Why technology won’t replace SMSF auditors

Many SMSF trustees and advisers could be forgiven for thinking recent developments in technology mean SMSF auditors no longer add any value to the audit process.

Nothing could be further from the truth.

The changing face of technology in SMSF audits may have refined some of the more tedious tasks, but the professionalism and experience of an SMSF auditor will never be replaced.

The use of technology has been making SMSF audits easier ever since the introduction of Excel spreadsheets in 1987. This made processing large quantities of data quicker and clients much happier.

Nowadays, the word ‘technology’ has been replaced by ‘digital disruption’, which builds on the concepts of simplifying processes and providing client satisfaction through interconnectedness. Billions of people are now rapidly connected by mobile devices, which has fundamentally changed the way in which businesses and clients interact.

Regardless of the pace at which technology moves, the auditing standards and Superannuation Industry (Supervision) (SIS) legislation that underpin the audit process ensure technology and audit quality will never be a perfect match.

One of the reasons for the mismatch is that while the financial audit has been automated to a relatively high degree, the compliance audit involves stringent checks and balances over the operations of an SMSF against the complicated SIS legislation.
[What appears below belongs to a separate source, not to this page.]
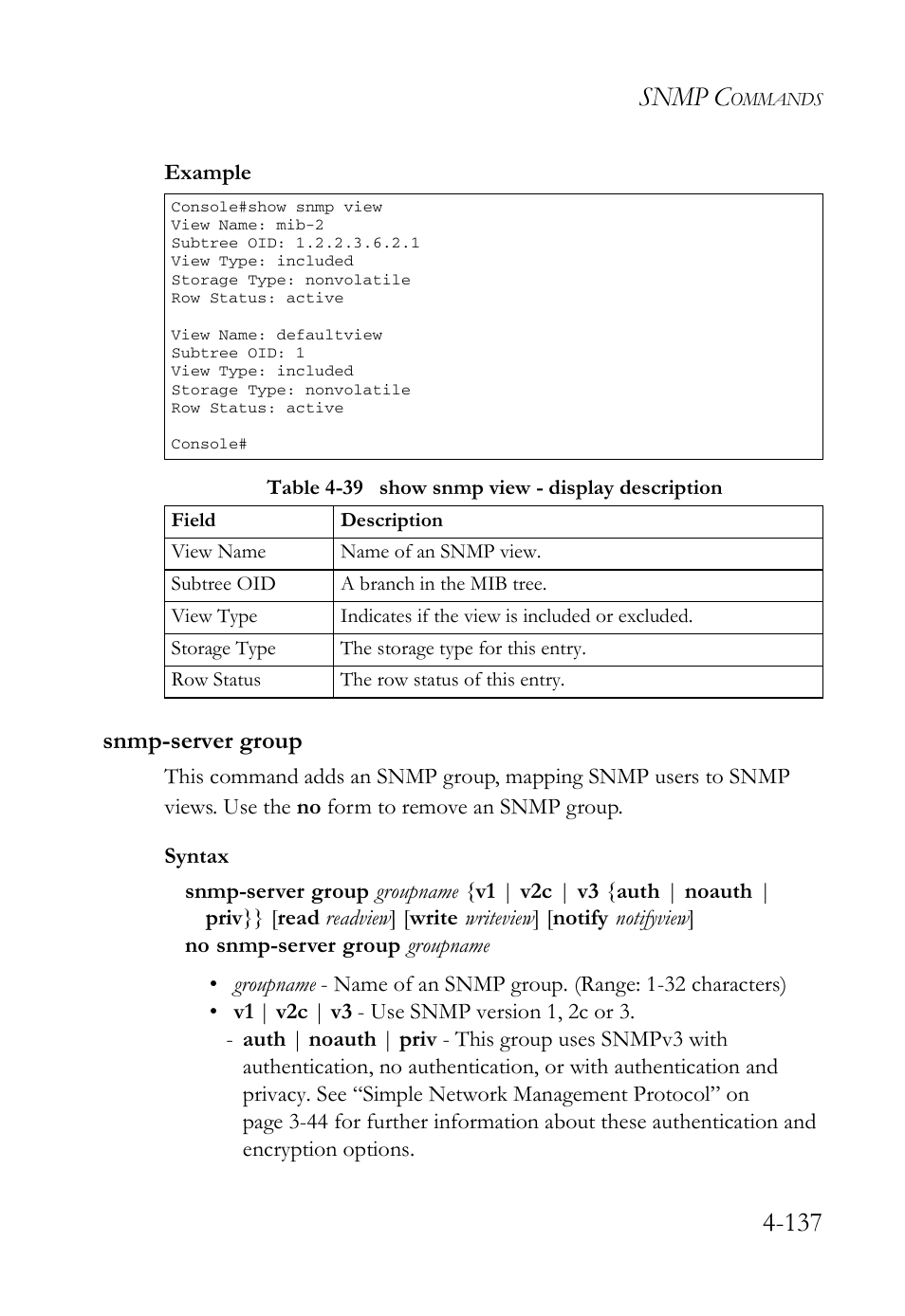 Snmp-server group, Snmp-server group -137, Snmp c | SMC Networks SMC Tiger 10/100 SMC6128L2 User Manual | Page 437 / 606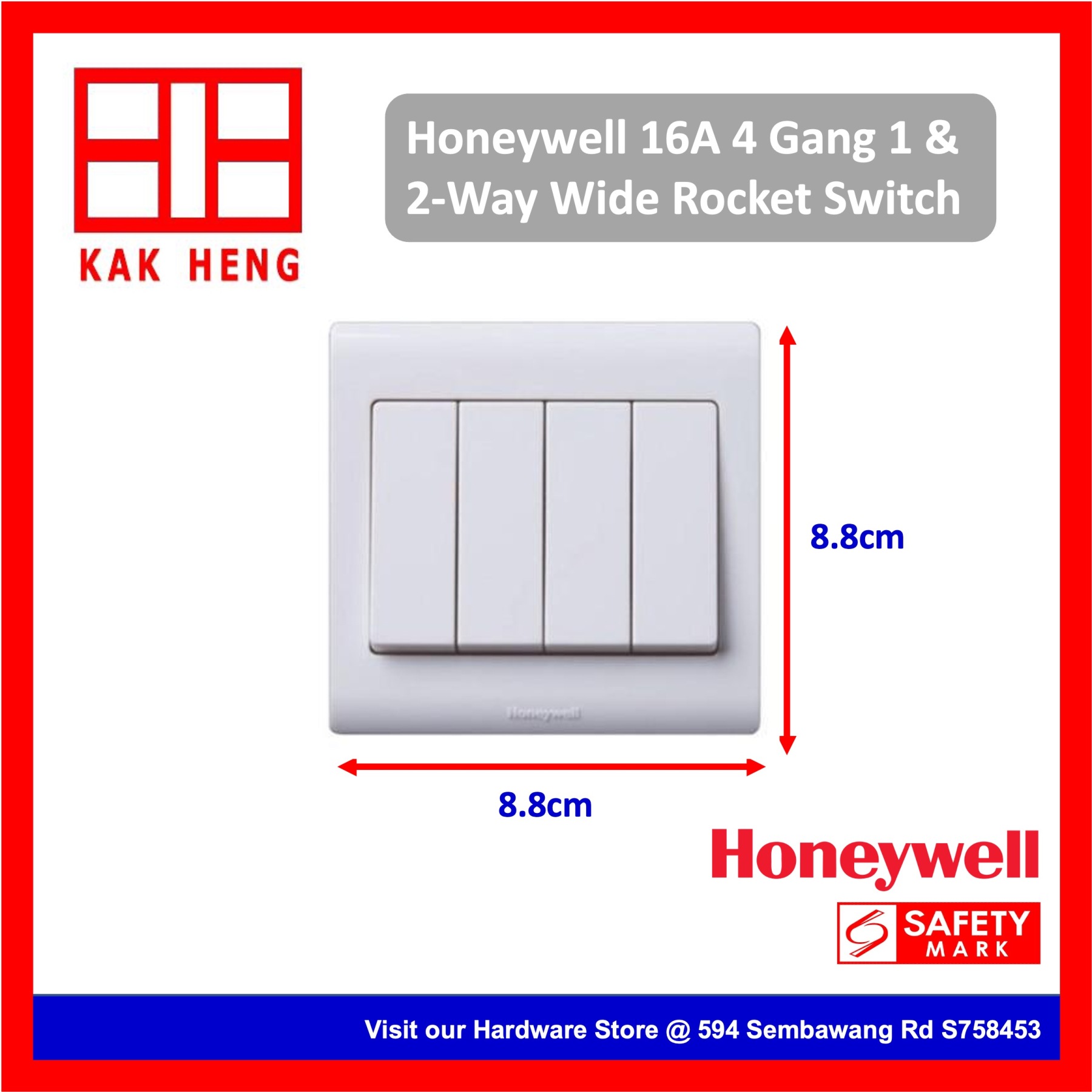 Honeywell 4 Gang 16A Large Rocket Switch (1 Way & 2 Way)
In 2016, the ATO said it would be concerned if it saw “SMSF auditors not necessarily providing their skill and judgment, just relying on the automated process to do the finance checks, and then not actually turning their mind to the regulatory issues”.

One of the benefits of technological advances in auditing is the ability for advanced analytics to make it possible to rapidly analyse far larger, more complete populations of financial and non-financial data. This will allow the auditor to draw a deeper, more robust understanding of potential risks.

The bottom line is that cognitive technology will help SMSF auditors to drill down to examine underlying transactions and the details that help to explain why something deviates from the norm.

This means the audit can start earlier and resources can be focused on high-risk items and those where more judgment is required.

One side-effect will be that clients and the regulators will expect more from the audit regarding its scope and value.

However, building such a process takes time and resources. There is no benefit in rushing to market with a service (or using a service provider) that tarnishes the reputation of an SMSF auditor, just to be the first.

Ensuring a high-quality audit continues to be provided from an automated platform will require SMSF auditors to develop a new skill set to use advanced tools, such as data and analytics, robotic process automation and cognitive intelligence, to manage processes, support planning and inform their decision-making.

The experience of the SMSF auditor should not be underestimated as they instinctively know whether a transaction has passed ‘the smell test’ or not. Also, more complicated investments will always require the auditor to undertake more rigorous testing and potentially ignore a system-generated green flag.

There are investments that will require continual scrutiny by the SMSF auditor, including related unit trusts and unlisted companies to name a few. One common example is when a fund purchases property as a going concern and it is GST-free.

Things can start to go wrong when the purchase price of the property is booked in the fund’s financials excluding GST.

This happens in the blink of an eye, especially when the fund is registered for GST and the SMSF software processes it as a standard transaction. The GST is reversed out of the asset account and recorded as a separate asset called ‘GST refundable’.

Under these circumstances, fund financials have to be amended with the property rebooked at the full purchase price without the corresponding GST refundable. Where this isn’t picked up, the SMSF may face issues such as:

1. a breach of regulation 8.02B of the SIS Regulations with an incorrect market value of property asset/s in fund financials, and

2. triggering an ATO tax audit that may result in penalties and interest charges.

When the fund has already claimed and received the GST from the ATO, it’s imperative the error is found and rectified as soon as possible.

It is important SMSF auditors remain focused on the fine details and not rely on software to ‘get it right’, as this approach may bring significant problems in the future.

SMSF auditors are living through an unprecedented era of rapidly changing technology, with many feeling as though they are in a race to the finish that they never entered in the first place.

The anomaly is that while the industry continues to revolve around technological development, SMSF trustees have yet to demand ‘real-time audits’ from their auditors.

This doesn’t mean SMSF auditors should ignore the leaps that are being made in automated audit or administration platforms. Like all advances in technology, users will have to adapt or get left behind.

The commoditisation of SMSF auditing and the industry in general will ensure quality SMSF auditors continue to find their niche in the market and thrive.